Supporters say multibillion dollar deficits pose a greater threat to the Republic. "When you weigh the risks of a nation spending itself into oblivion, the convention looks like a piece of cake," insists Lewis K. Uhler, | a proconvention activist in California, where the legislature is scheduled to hold hearings on a convention bill this month. Proponents of the movement note that even amendments produced by a "runaway" convention would need to be ratified by legislatures in three-fourths of the states. Some openly acknowledge that their effort is partly a ploy to frighten Congress into passing an amendment on its own. The same constitutional brinkmanship produced the 17th Amendment, providing for the direct election of Senators, which Congress approved only after 31 states had called for a convention to adopt it.

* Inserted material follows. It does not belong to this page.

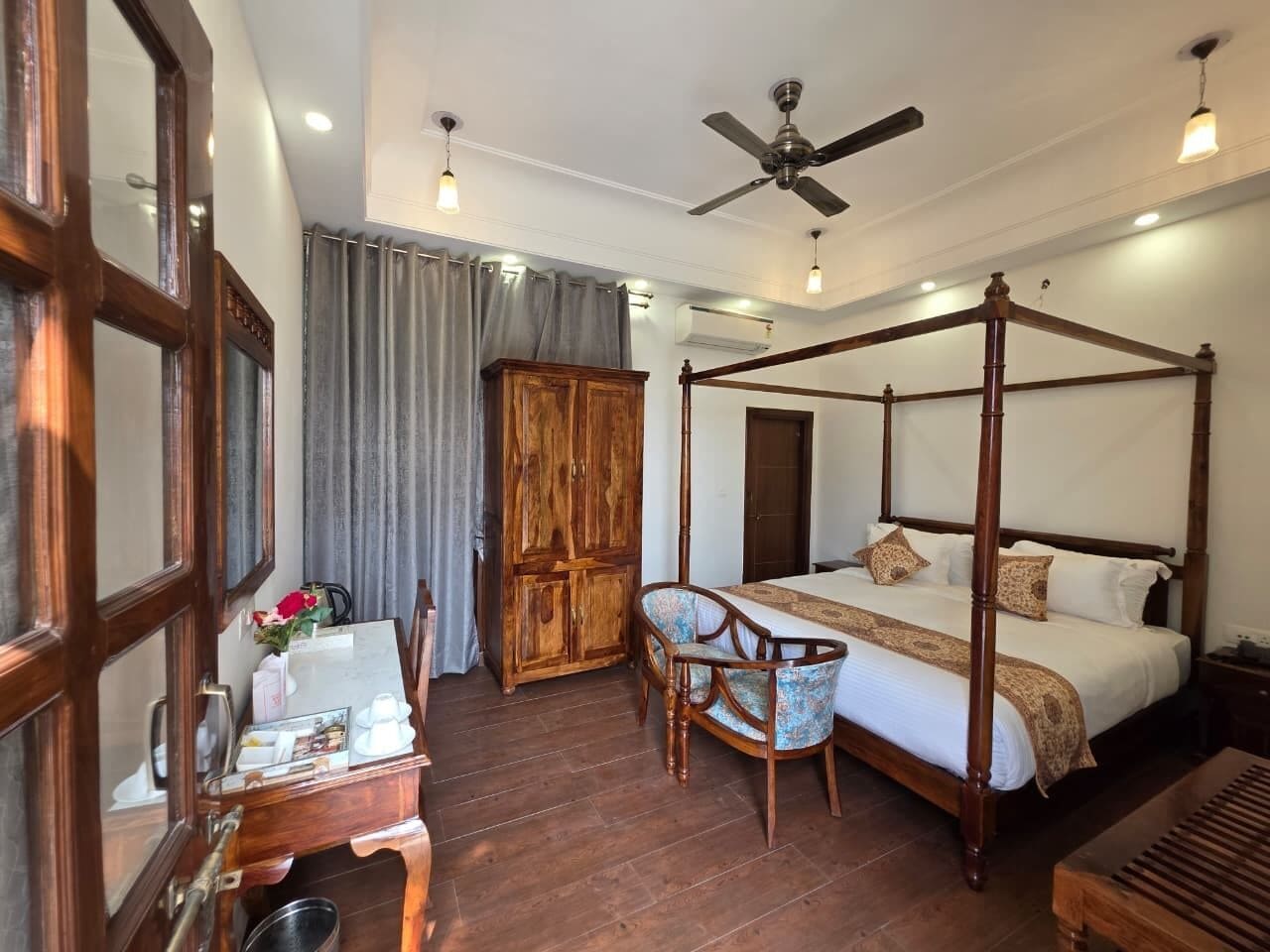 Grand Room, 1 King Bed, Terrace | Premium bedding, desk, laptop workspace, free WiFi
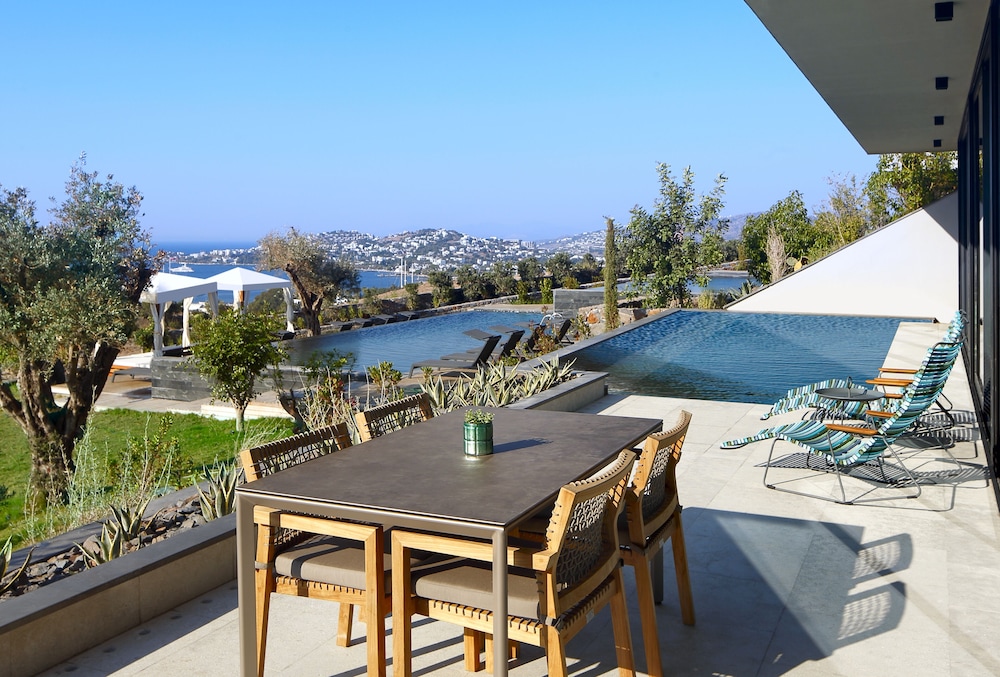 3+1 Residence with Private Pool - Photo 2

Tactic or not, the stakes are real. The near success of the convention forces has galvanized a strange-bedfellows opposition. The American Civil Liberties Union, the Veterans of Foreign Wars, the National Organization for Women and Phyllis Schlafly's Eagle Forum, among many other groups, have joined forces. "At first we would go to state legislative hearings, and some of our people would literally sit at opposite sides of the room," says Linda Rogers- Kingsbury, president of Citizens to Protect the Constitution, the umbrella opposition group.

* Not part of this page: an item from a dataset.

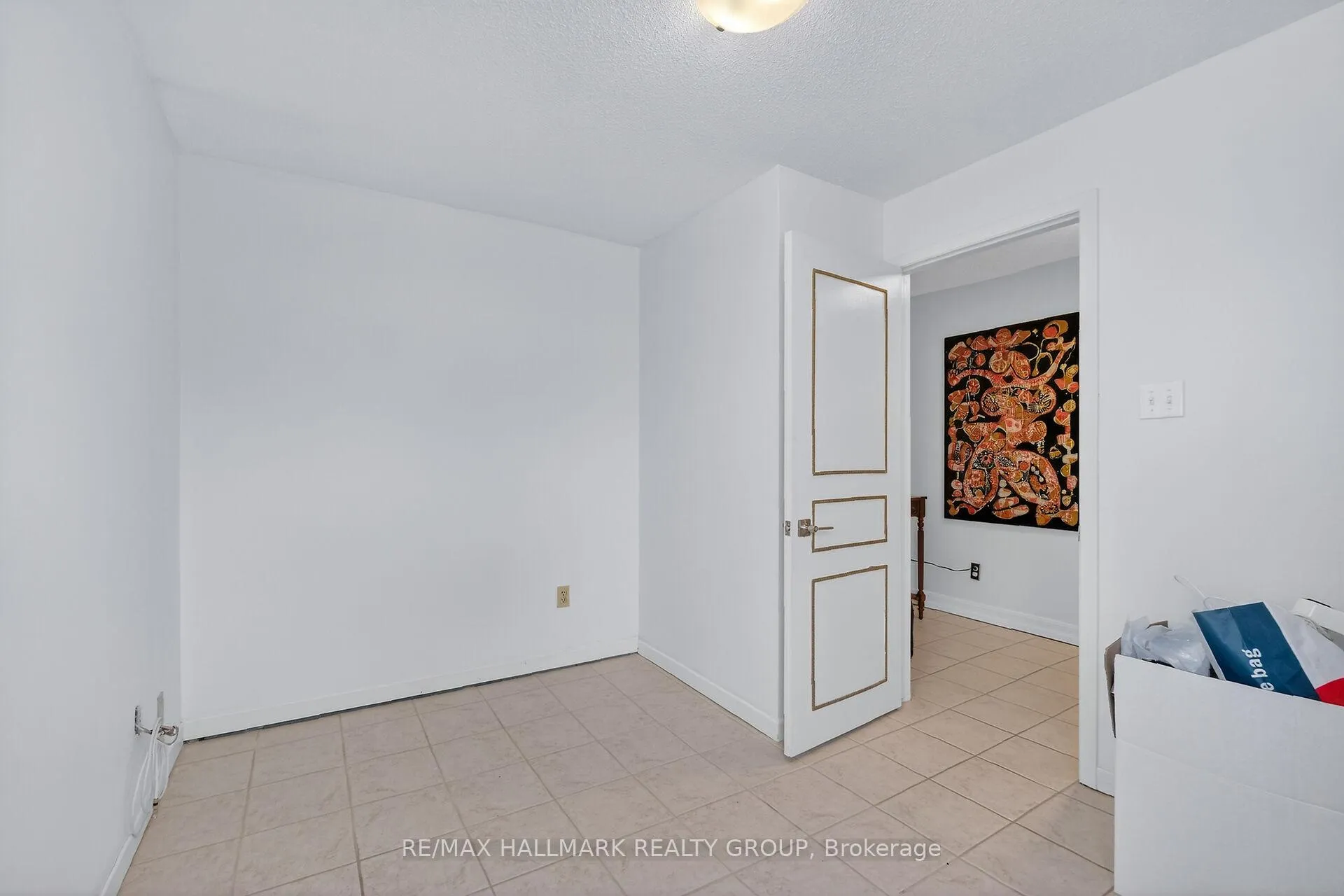 Photo 20 of Unit 13, 1111 Ambleside Drive, Ottawa, Woodroffe — HOMEH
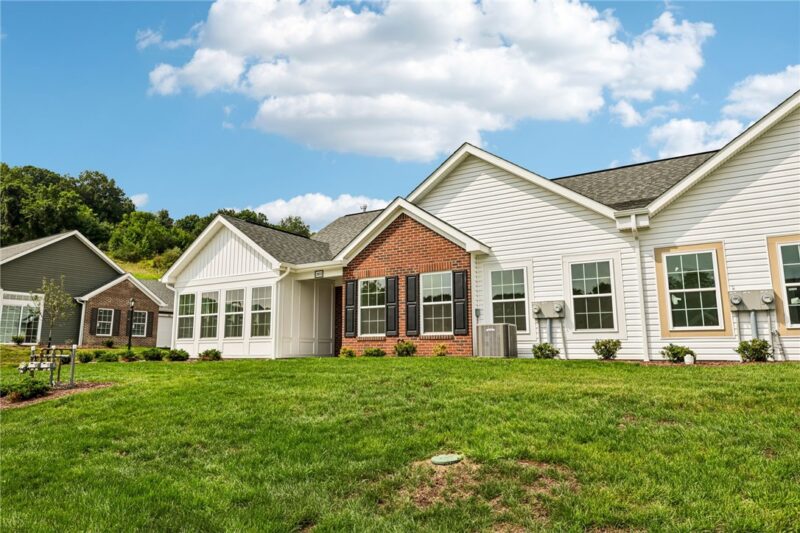 2022 Santypal Dr. — photo 2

Now that they are in gear, however, the anticonvention forces are fighting back to great effect. No state has been added to the proconvention list since Missouri in 1983. In seven states, resolutions have been defeated since 1983 after intense lobbying battles and mail campaigns; resolutions are languishing in the legislatures of seven others. "Gramm-Rudman took the steam out of the movement," says former Kansas State Senator Norman Gaar, who introduced a constitutional-convention proposal in 1978. Moreover, while some legal scholars suggest that any legislature's call for a convention is irrevocable, two states that had earlier approved the idea are considering resolutions to reverse themselves.

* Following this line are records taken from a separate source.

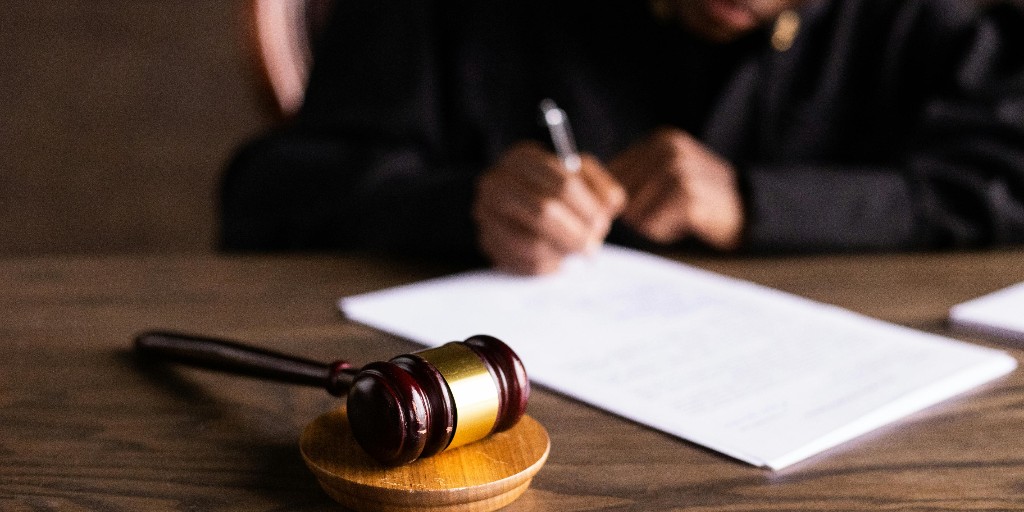 LawHelpMN tweet media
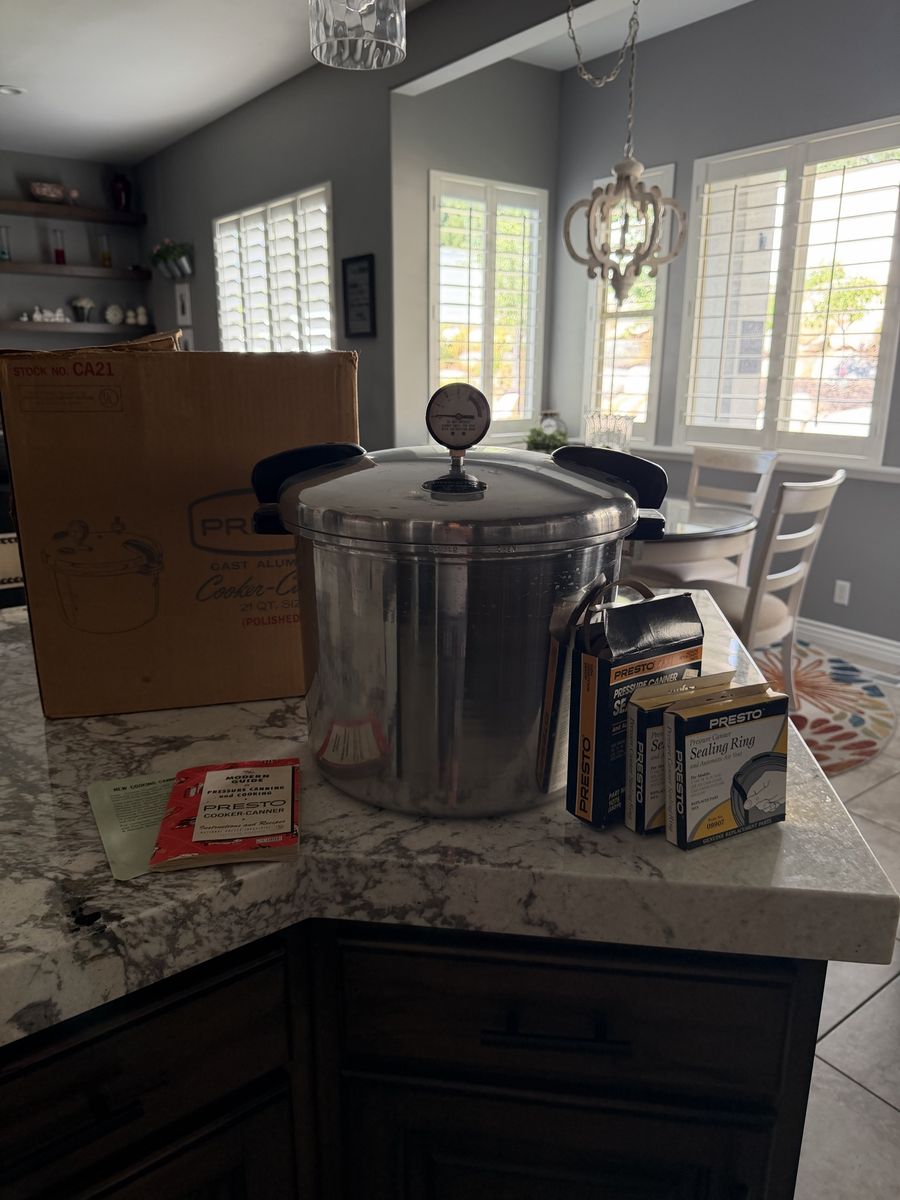 Presto Cast Aluminum  Pressure Cooker for canning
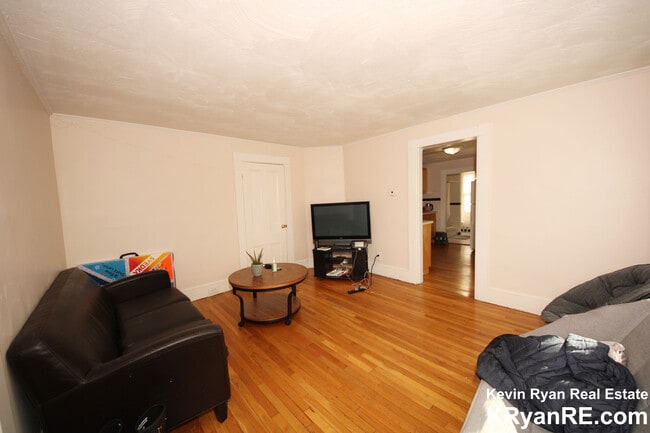 Photo - 62 Bedford St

In a way, the diverse alliance to resist a second convention is testimony to the success of the first one. Any attempts to remedy a problem should be designed in the spirit of the framers: to foster solutions, not to impose them. Today, the movement for a constitutional convention has been sparked by the deficit; next year, it might be prompted by the desire to make English the official language of the U.S. In a nation as diverse as this one, nothing less will do than a Constitution that serves the aim of e pluribus unum (one from many), the national hope so fundamental that it is stamped on the dollar.